**EXERCISE DIRECTIONS**.
Please return only the lines between the line with "Modern Black Wedding Name Place Cards" and the final line of the entries, both included, and exclude pictures.

**Dataset excerpts**.
[Start of Attachment]
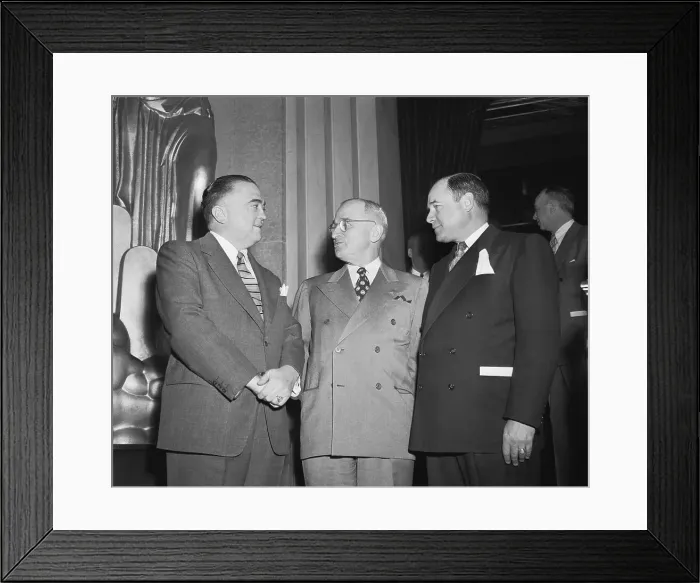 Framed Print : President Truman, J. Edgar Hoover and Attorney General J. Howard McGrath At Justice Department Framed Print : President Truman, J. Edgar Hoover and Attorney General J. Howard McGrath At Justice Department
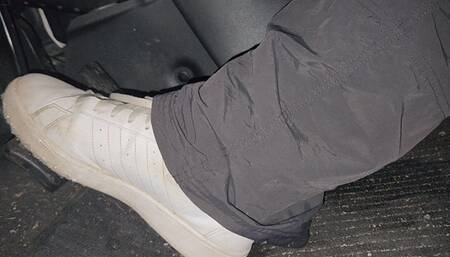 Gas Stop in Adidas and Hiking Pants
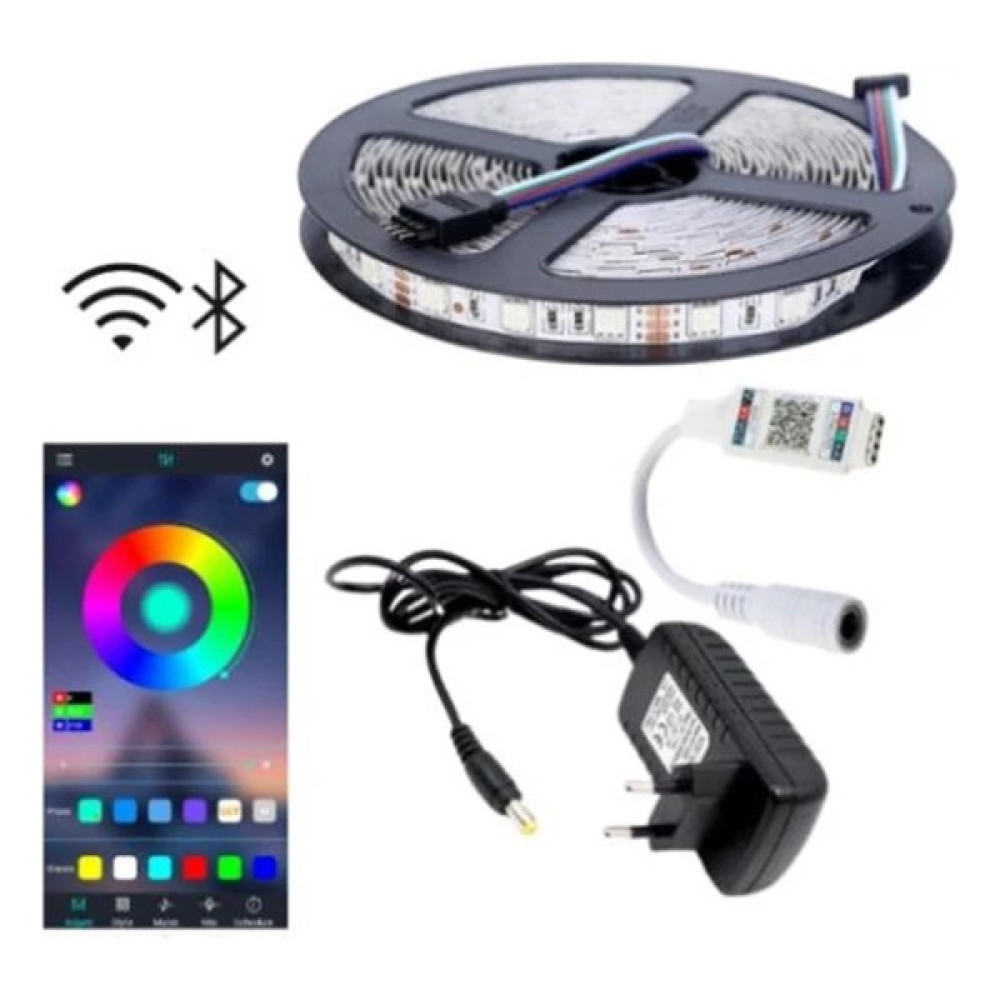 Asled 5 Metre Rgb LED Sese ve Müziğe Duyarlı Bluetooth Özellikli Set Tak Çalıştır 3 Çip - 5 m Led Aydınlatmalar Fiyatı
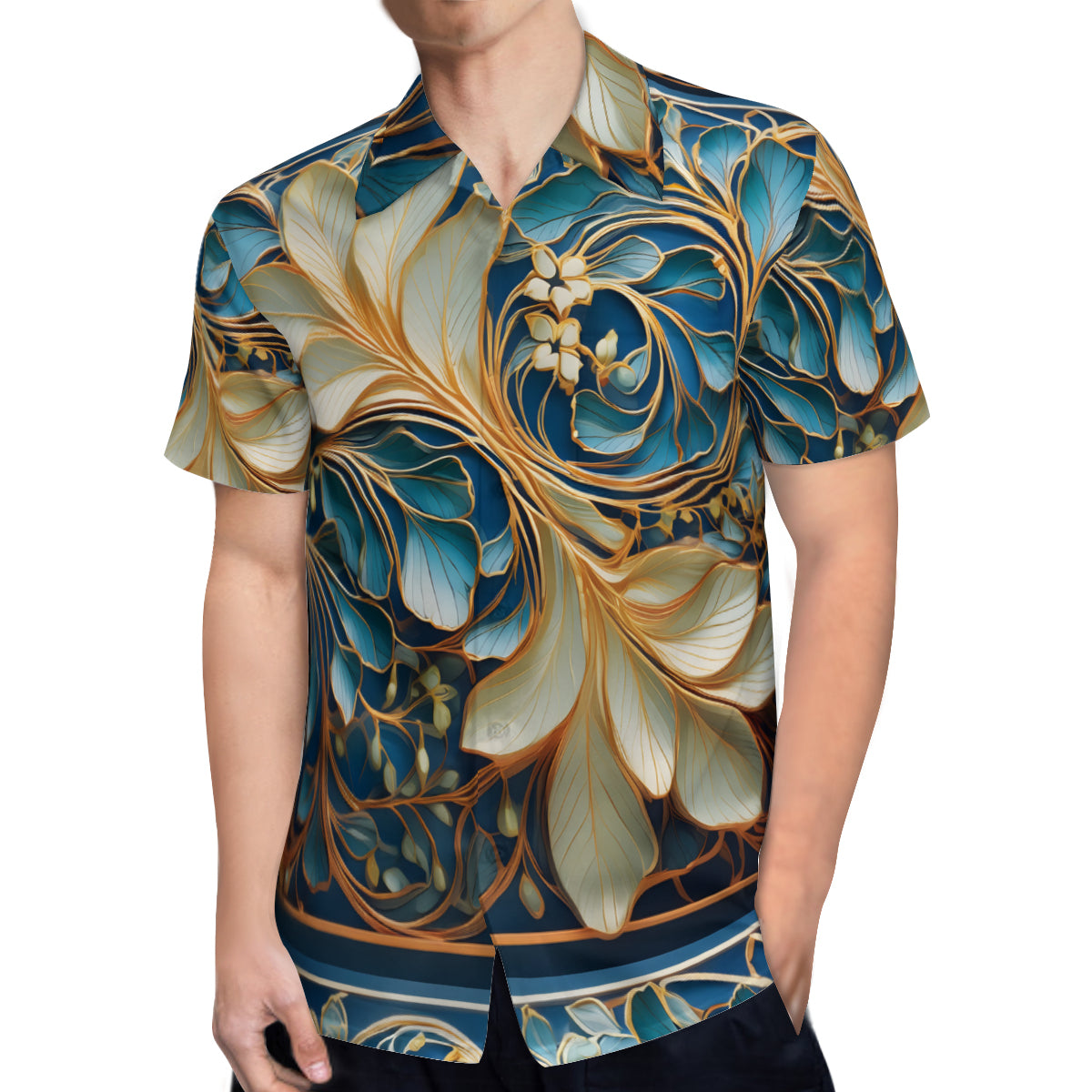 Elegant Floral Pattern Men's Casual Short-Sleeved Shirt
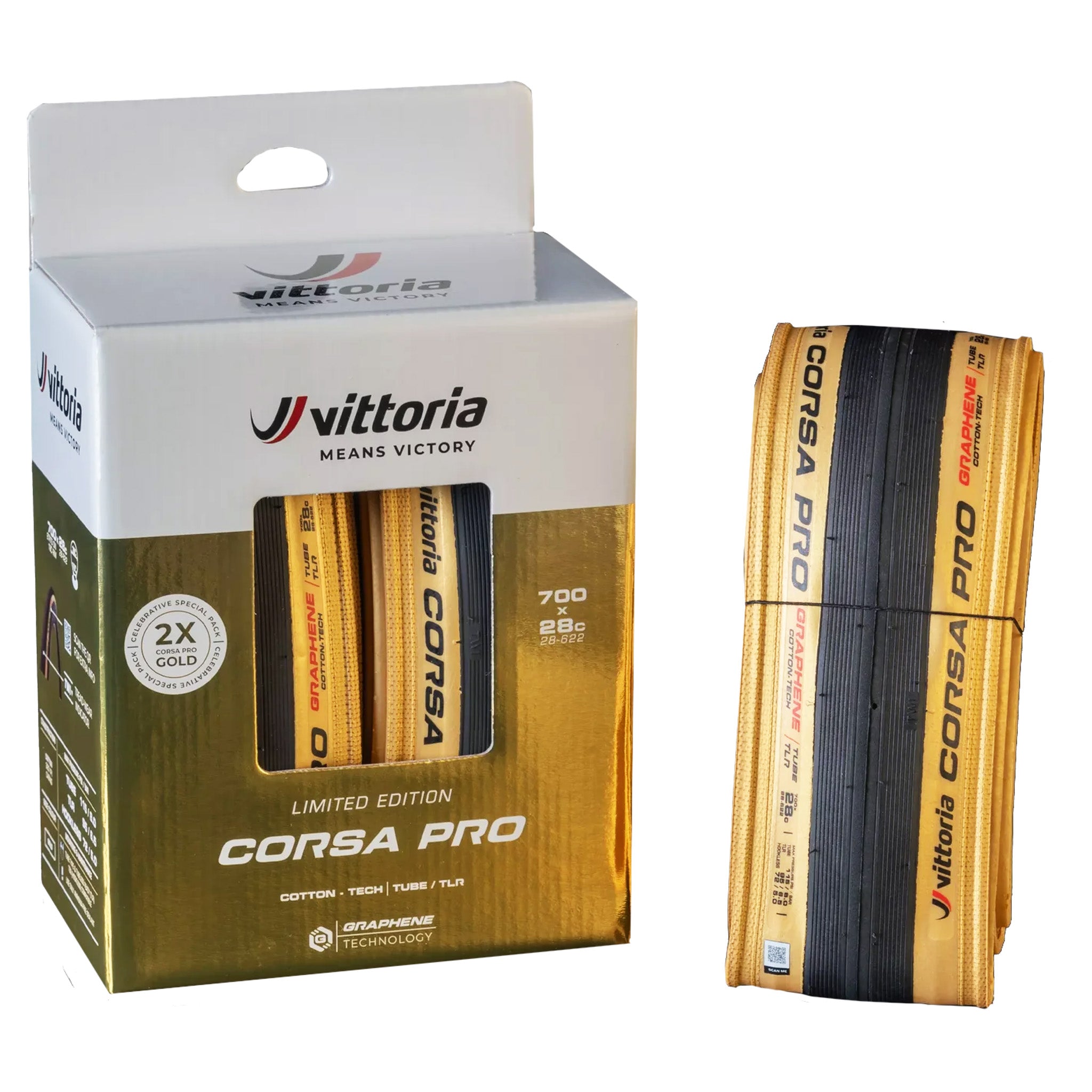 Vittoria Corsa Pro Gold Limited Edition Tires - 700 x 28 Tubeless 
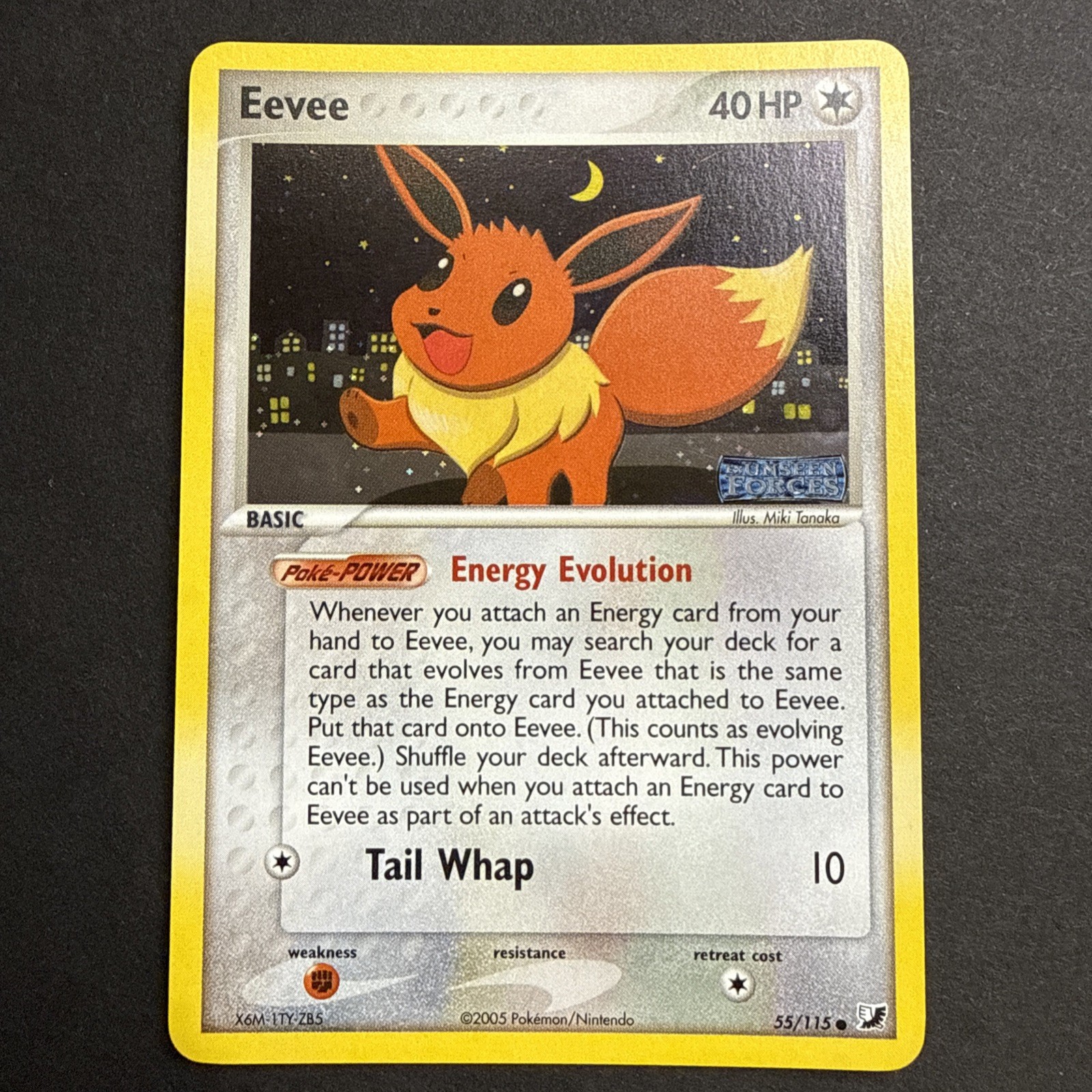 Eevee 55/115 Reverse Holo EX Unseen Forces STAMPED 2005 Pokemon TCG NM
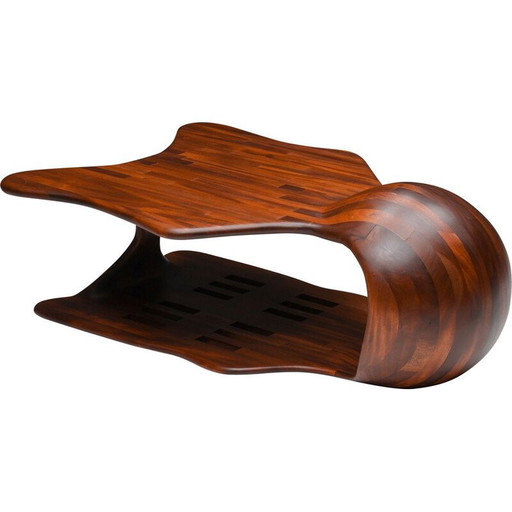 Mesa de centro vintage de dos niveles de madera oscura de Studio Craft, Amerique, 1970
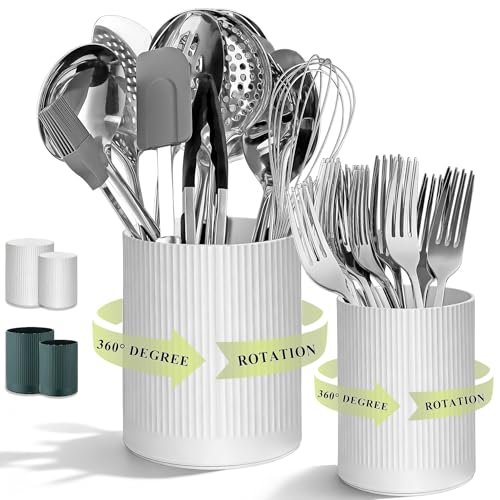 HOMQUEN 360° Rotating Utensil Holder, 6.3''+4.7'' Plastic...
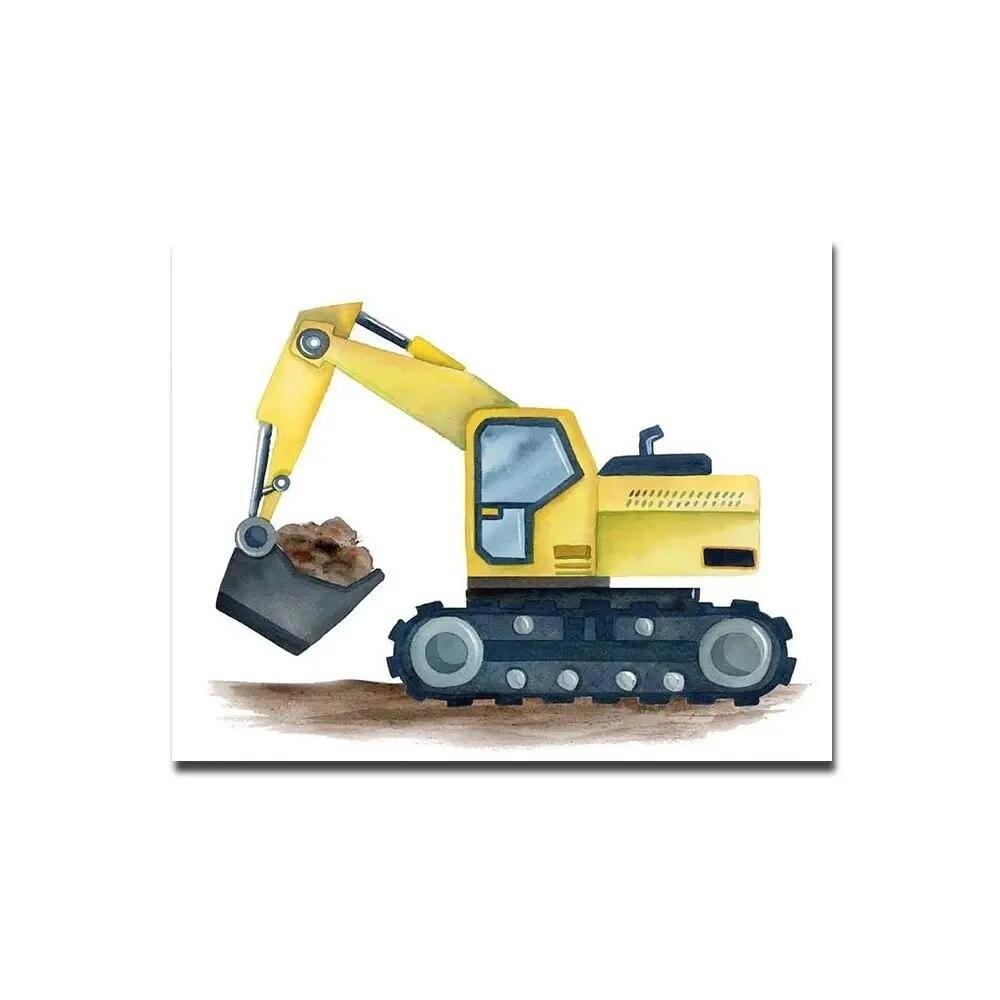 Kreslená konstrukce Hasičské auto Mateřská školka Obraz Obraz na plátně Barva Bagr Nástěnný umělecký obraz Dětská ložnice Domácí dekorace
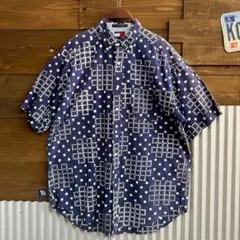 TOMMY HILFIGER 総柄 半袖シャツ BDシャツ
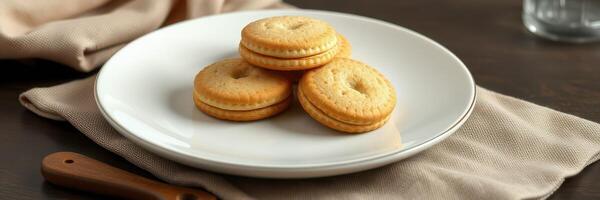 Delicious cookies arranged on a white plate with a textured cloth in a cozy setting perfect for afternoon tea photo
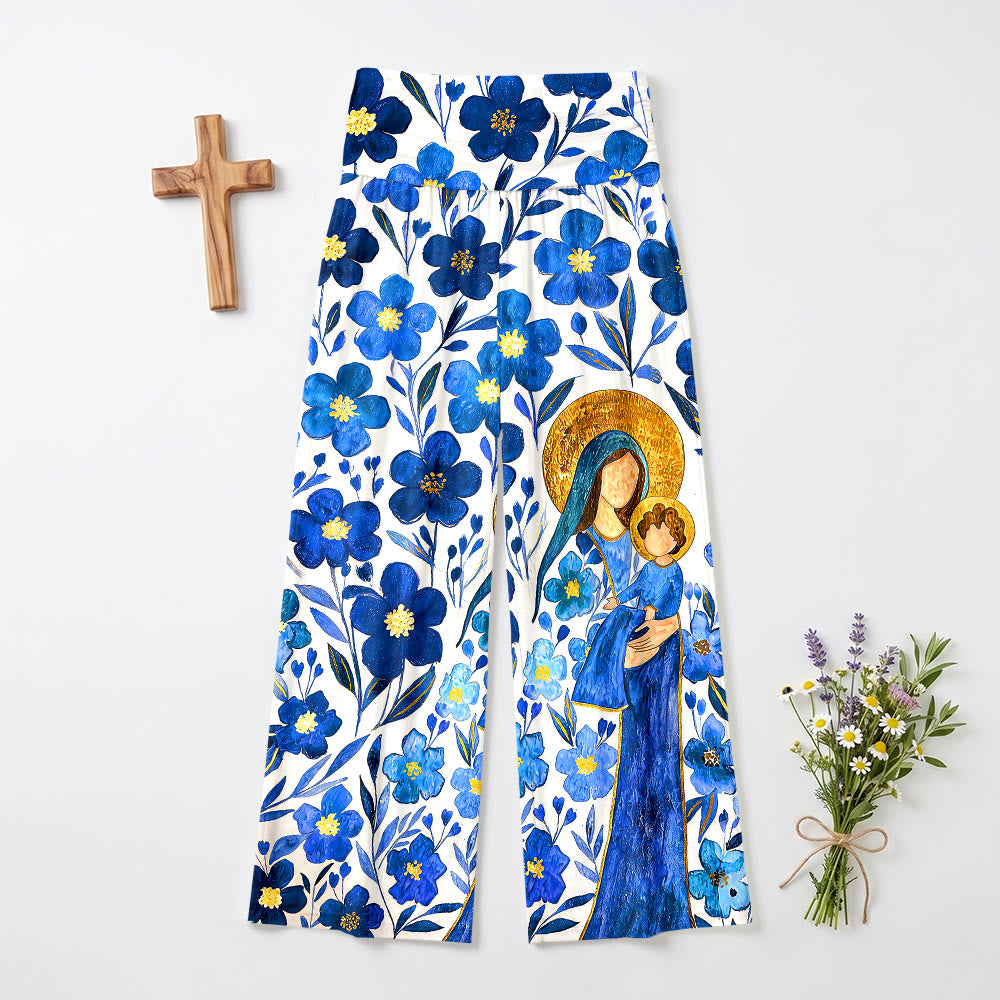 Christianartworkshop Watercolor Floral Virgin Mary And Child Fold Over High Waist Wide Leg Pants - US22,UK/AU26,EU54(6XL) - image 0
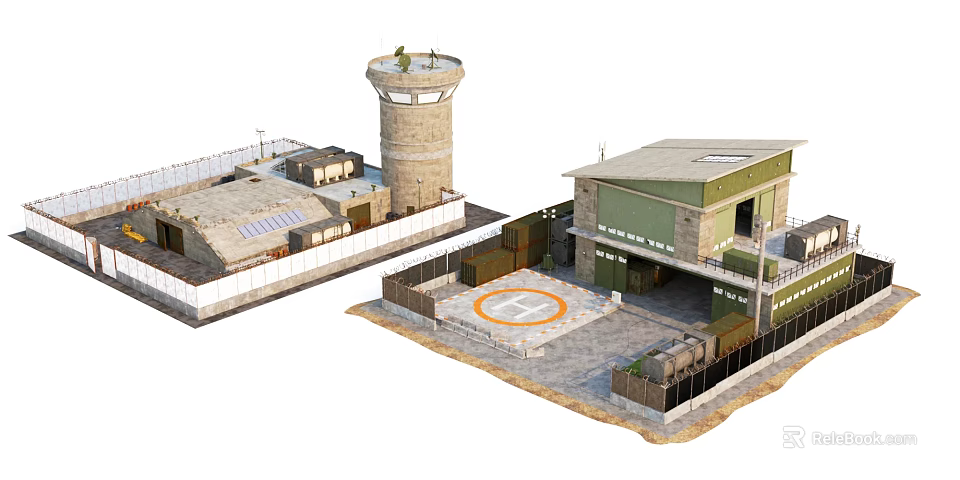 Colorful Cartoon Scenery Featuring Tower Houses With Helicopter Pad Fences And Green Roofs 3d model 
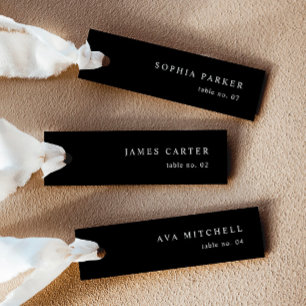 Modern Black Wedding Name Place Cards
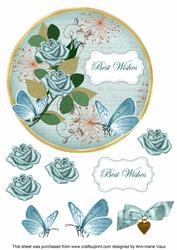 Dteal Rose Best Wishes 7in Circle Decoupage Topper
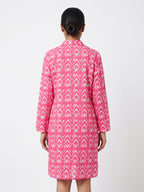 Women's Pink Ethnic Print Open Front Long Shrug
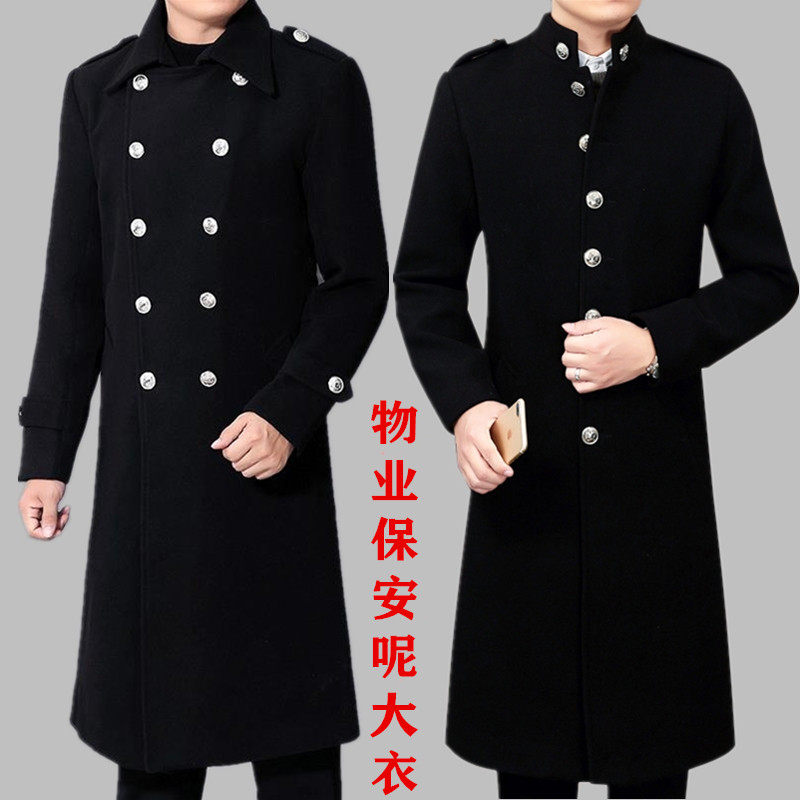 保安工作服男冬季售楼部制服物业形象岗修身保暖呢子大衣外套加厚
[End of Attachment]
**EXERCISE RESPONSE**.
 Modern Black Wedding Name Place Cards
 Dteal Rose Best Wishes 7in Circle Decoupage Topper
 Women's Pink Ethnic Print Open Front Long Shrug
 保安工作服男冬季售楼部制服物业形象岗修身保暖呢子大衣外套加厚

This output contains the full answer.